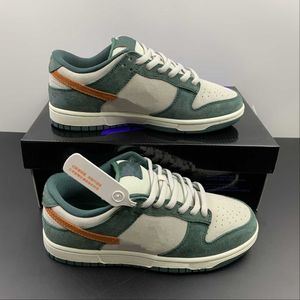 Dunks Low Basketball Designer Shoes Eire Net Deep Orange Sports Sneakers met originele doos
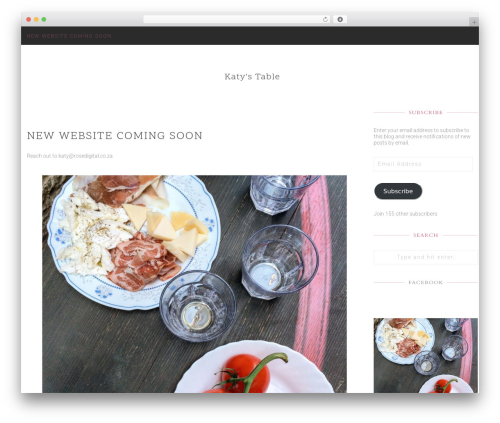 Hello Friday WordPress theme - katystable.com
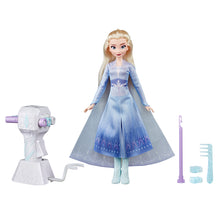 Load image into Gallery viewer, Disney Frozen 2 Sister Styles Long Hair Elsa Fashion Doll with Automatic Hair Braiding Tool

EXERCISE - Leaving out the pictures, transcribe the material above exactly.

OUTPUT BELOW -
 Dunks Low Basketball Designer Shoes Eire Net Deep Orange Sports Sneakers met originele doos
 Hello Friday WordPress theme - katystable.com
 Load image into Gallery viewer, Disney Frozen 2 Sister Styles Long Hair Elsa Fashion Doll with Automatic Hair Braiding Tool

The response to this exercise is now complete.